Both of these areas offer lots of growth potential. Many industry experts argue that the application of AI for revenue growth (area 2) will gain traction over operational excellence in the near term.

I would like to add a third horizon which I believe will drive most of the value in the mid term : disruptive business model innovation. The key word being disruptive, because some of the well known examples above also entail new business models. What I’m referring to here is a sort of platformization of AI capabilities. Predictive pricing is such a capability — e.g. pricing of assets such as cars, or pricing of risk for insurance or loans, or pricing of car damage. Let’s look at an example from the automotive industry.

CarNext.com is a spin-off of global car leasing company LeasePlan, which uses AI to predict the optimal retail price of second hand cars. A capability that initially helped to boost the bottom-line of leased car remarketing to consumers, now morphs into a full fledged marketing & sales platform on which other sellers can sell their fleet. CarNext.com is able to maximize value capture by optimizing sell price versus cost-of-stock and leverages this capability to build a platform. An entirely new business actually.
Platform capabilities can also emerge outside-in, in the form of start-ups that develop AI capabilities which end up being platform-worthy. Let’s stay with the automotive example for a minute. Fixico is a European start-up on a mission to uberize damage repair for car owners. Consumers can upload their repair needs and will receive offers from different repair shops. Basically they aggregate supply (available repair capacity in the market), bidding down the price to consumers. Since they gather image material from car damage, I guess they will soon be able to predict the damage value based on pictures. They can offer this capability as a service (just an API!) to fleet operators (such as leasing companies) and insurance companies, automating away much of the overhead currently involved at handling car damage. Needless to say, the repair of the damage itself will be business on top.

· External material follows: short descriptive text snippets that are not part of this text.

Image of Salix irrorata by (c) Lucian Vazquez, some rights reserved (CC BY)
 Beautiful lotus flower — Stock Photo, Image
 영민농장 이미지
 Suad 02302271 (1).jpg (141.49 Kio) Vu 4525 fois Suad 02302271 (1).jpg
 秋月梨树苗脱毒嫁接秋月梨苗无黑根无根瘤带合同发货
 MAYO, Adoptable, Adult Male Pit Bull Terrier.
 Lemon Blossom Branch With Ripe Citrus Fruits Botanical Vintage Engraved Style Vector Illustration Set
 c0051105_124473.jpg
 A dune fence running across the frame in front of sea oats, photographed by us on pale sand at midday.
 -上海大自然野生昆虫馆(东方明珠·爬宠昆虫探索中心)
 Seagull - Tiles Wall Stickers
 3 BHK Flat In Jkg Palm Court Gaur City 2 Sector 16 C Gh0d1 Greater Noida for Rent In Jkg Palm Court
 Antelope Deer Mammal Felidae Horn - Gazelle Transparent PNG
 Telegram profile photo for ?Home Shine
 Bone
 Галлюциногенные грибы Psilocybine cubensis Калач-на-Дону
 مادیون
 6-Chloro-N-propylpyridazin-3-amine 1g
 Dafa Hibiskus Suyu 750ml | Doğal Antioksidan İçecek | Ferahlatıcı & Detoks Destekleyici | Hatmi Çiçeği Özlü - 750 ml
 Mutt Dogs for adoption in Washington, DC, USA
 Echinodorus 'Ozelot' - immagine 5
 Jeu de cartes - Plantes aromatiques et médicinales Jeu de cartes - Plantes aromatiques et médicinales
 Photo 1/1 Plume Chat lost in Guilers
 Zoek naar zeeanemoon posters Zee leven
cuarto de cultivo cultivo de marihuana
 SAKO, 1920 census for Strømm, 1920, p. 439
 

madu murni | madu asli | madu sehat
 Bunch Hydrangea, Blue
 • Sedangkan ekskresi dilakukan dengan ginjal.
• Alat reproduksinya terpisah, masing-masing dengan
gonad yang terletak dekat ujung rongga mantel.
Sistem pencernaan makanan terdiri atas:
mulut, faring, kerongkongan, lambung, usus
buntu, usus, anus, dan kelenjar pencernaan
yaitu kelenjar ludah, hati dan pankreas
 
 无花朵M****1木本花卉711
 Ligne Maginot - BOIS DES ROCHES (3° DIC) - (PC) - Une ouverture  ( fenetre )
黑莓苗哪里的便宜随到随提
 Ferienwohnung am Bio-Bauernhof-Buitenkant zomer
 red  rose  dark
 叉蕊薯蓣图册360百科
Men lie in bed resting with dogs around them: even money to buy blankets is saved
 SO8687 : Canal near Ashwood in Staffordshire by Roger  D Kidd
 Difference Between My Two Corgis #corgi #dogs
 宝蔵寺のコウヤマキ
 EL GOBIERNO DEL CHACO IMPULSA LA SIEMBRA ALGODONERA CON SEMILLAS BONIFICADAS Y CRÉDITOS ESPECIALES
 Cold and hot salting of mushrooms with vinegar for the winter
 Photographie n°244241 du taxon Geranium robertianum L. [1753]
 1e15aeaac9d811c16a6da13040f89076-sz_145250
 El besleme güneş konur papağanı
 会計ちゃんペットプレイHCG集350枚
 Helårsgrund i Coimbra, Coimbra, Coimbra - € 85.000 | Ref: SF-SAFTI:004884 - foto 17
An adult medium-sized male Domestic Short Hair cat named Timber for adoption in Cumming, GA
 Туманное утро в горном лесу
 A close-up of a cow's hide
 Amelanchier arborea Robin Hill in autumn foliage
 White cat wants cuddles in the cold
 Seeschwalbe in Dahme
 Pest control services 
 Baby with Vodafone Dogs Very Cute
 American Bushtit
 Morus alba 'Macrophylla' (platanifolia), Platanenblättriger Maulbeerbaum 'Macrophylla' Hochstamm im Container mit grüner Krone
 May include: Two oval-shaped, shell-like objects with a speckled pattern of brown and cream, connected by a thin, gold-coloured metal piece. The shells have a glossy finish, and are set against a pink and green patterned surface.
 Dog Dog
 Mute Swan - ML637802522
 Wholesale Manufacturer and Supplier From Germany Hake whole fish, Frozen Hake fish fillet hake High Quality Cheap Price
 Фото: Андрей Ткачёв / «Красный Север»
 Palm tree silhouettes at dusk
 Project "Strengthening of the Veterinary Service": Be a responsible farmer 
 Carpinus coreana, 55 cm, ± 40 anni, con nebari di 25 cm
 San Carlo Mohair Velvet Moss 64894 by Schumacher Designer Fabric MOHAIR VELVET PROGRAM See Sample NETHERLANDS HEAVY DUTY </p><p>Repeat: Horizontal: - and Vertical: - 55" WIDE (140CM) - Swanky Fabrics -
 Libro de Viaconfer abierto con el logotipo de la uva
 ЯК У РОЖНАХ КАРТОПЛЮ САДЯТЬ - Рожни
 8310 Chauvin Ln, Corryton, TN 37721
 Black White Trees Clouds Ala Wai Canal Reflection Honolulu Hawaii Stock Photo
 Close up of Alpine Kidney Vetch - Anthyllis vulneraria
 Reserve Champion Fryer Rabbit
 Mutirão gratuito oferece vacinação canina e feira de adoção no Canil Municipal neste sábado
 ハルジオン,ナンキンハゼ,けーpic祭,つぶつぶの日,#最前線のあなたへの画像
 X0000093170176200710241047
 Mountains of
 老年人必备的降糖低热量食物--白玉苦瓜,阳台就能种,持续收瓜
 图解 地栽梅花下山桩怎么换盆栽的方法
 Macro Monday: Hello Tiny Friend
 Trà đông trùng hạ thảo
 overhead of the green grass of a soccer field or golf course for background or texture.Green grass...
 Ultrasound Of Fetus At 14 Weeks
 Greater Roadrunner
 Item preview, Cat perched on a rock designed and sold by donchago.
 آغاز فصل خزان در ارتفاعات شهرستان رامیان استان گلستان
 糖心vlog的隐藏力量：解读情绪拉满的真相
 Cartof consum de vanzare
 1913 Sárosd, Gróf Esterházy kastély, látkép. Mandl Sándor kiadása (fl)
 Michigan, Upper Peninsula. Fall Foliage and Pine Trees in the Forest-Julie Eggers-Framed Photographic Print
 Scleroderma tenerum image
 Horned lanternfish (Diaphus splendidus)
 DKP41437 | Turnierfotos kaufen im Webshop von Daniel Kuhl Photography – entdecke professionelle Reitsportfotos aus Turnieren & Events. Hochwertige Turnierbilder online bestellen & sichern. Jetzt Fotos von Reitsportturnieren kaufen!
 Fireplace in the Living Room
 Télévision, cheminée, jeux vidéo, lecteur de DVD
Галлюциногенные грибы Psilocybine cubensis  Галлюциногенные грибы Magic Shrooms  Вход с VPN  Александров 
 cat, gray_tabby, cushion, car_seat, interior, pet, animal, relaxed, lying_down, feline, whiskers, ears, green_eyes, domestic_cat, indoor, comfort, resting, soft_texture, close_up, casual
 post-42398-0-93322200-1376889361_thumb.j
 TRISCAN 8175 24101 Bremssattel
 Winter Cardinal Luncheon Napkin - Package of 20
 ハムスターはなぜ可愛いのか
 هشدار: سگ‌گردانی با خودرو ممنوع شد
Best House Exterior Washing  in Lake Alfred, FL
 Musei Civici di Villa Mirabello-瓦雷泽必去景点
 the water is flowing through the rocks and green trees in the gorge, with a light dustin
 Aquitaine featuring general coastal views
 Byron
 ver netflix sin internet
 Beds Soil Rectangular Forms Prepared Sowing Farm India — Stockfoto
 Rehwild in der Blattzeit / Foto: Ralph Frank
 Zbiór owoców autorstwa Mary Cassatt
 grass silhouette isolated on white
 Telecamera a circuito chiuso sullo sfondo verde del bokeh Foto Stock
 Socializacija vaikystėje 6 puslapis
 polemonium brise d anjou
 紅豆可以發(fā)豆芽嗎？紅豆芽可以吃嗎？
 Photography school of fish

Just like previous technology waves, AI will not only optimize existing businesses, create entirely new ones, but also lead to a reconfiguration of supply chains. Another well known example is the banking sector. ING’s CEO Ralph Hamers has repeatedly stated that, under the rise of FinTech, banks have a couple of existential strategic choices to make. One would be to stick to the core of banking: lending/investing money long term, and finance that short term at lower rates. The spread between the two is what makes up the business model. Another choice would be to focus on the customer and create a platform for superior customer service. The back-end (the financing) could even be spun off. The platform uses AI to create seamless personalized service and experience. 3rd party providers can tap into such a platform and offer their financial services to the bank’s customer base — all under the safeguarding of the bank’s mother AI-ship. I’m not sure where incumbents will end up, and whether Google might get there first, but it serves to illustrate how AI fundamentally shifts value chains.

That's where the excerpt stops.